=== Begin Enclosure ===

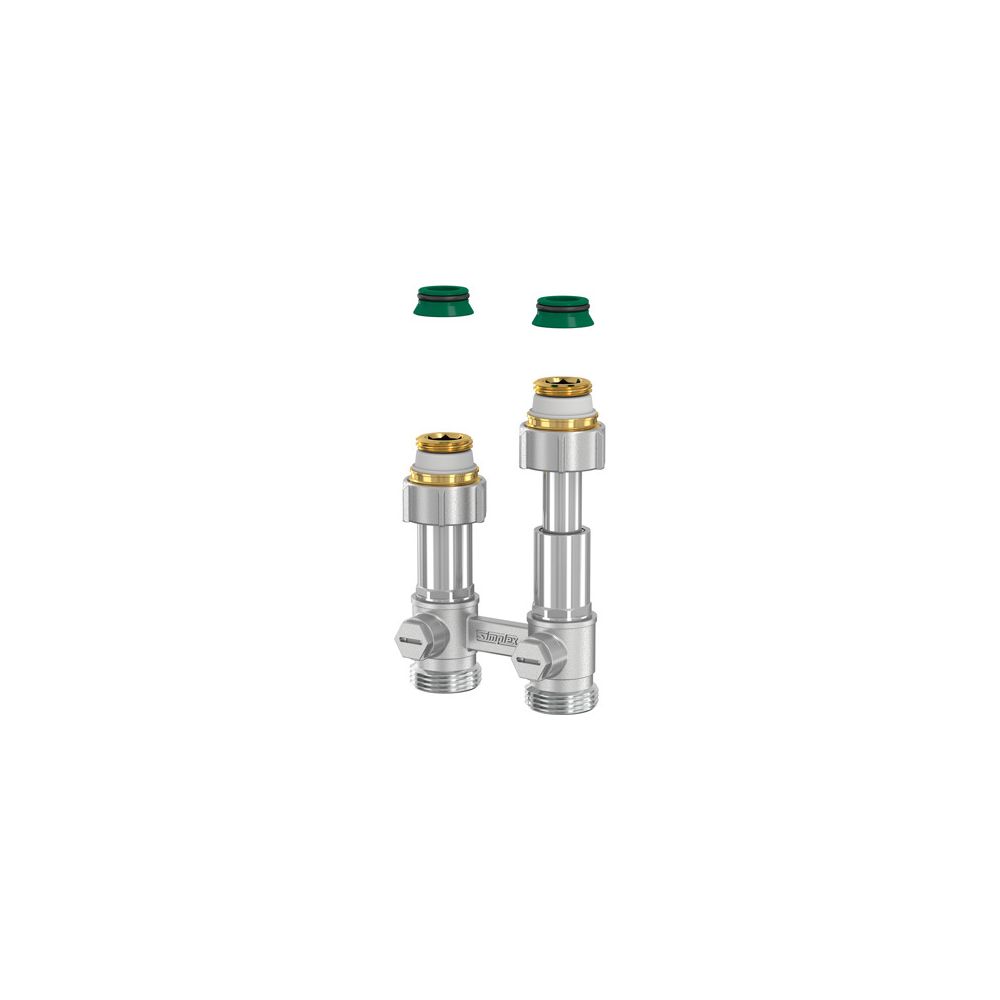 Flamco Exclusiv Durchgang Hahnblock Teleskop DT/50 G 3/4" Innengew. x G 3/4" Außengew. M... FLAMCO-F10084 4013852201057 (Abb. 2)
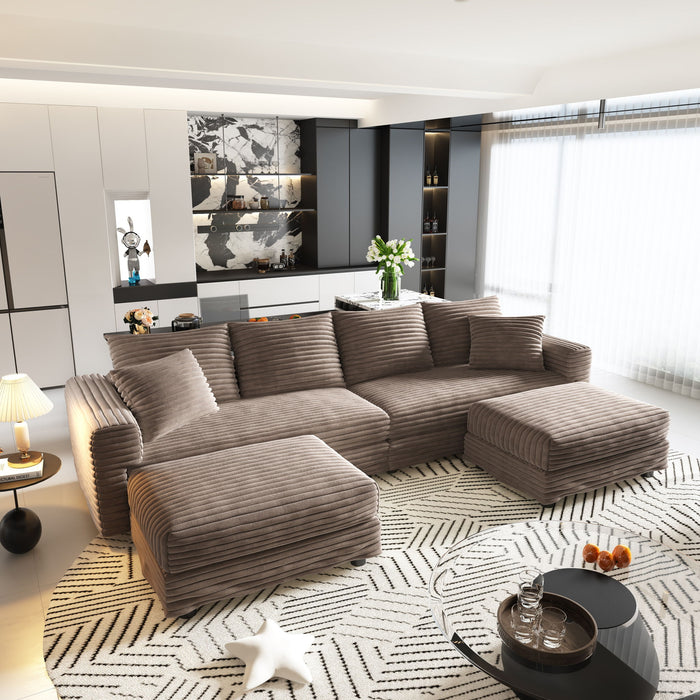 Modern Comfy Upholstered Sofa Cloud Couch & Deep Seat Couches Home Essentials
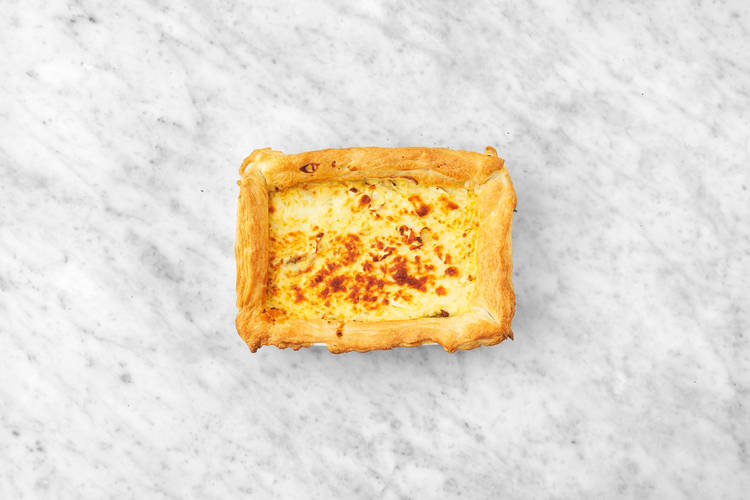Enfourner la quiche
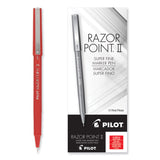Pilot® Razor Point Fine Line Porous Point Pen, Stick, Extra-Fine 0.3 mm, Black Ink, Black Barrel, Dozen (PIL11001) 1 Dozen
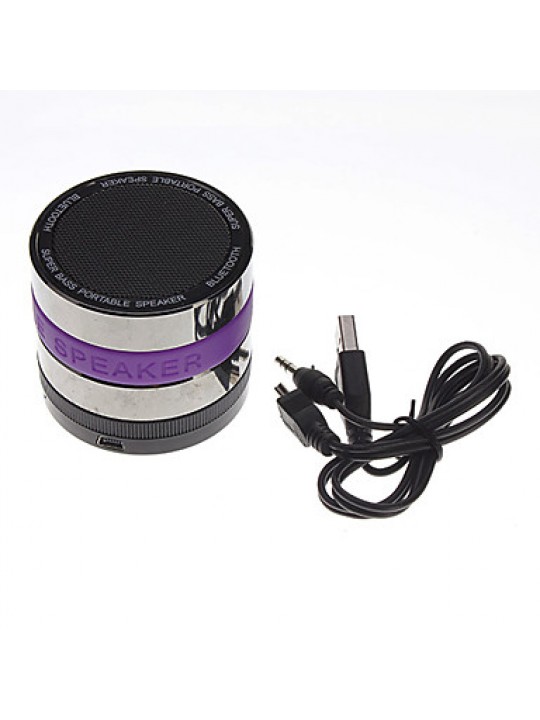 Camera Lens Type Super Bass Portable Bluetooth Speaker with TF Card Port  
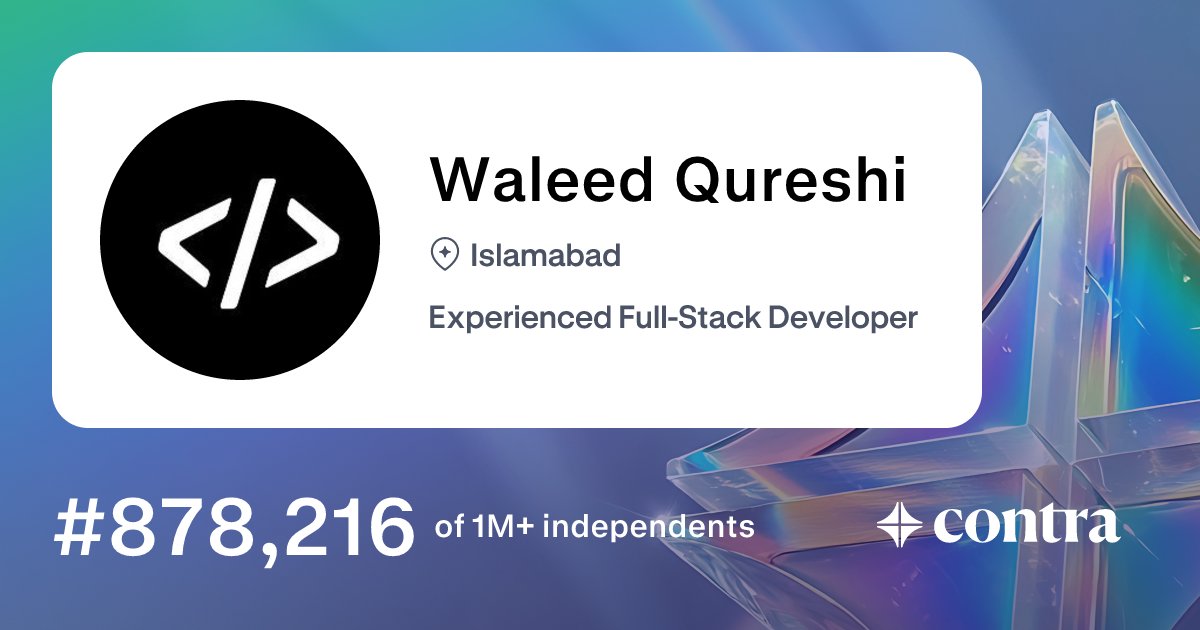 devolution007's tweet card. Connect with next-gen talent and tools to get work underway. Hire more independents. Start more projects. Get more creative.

=== End Enclosure ===

(Work required): Pictures are to be left out; the records above must be repeated word for word.

(Exercise result):
 Flamco Exclusiv Durchgang Hahnblock Teleskop DT/50 G 3/4" Innengew. x G 3/4" Außengew. M... FLAMCO-F10084 4013852201057 (Abb. 2)
 Modern Comfy Upholstered Sofa Cloud Couch & Deep Seat Couches Home Essentials
Enfourner la quiche
Pilot® Razor Point Fine Line Porous Point Pen, Stick, Extra-Fine 0.3 mm, Black Ink, Black Barrel, Dozen (PIL11001) 1 Dozen
 Camera Lens Type Super Bass Portable Bluetooth Speaker with TF Card Port  
 devolution007's tweet card. Connect with next-gen talent and tools to get work underway. Hire more independents. Start more projects. Get more creative.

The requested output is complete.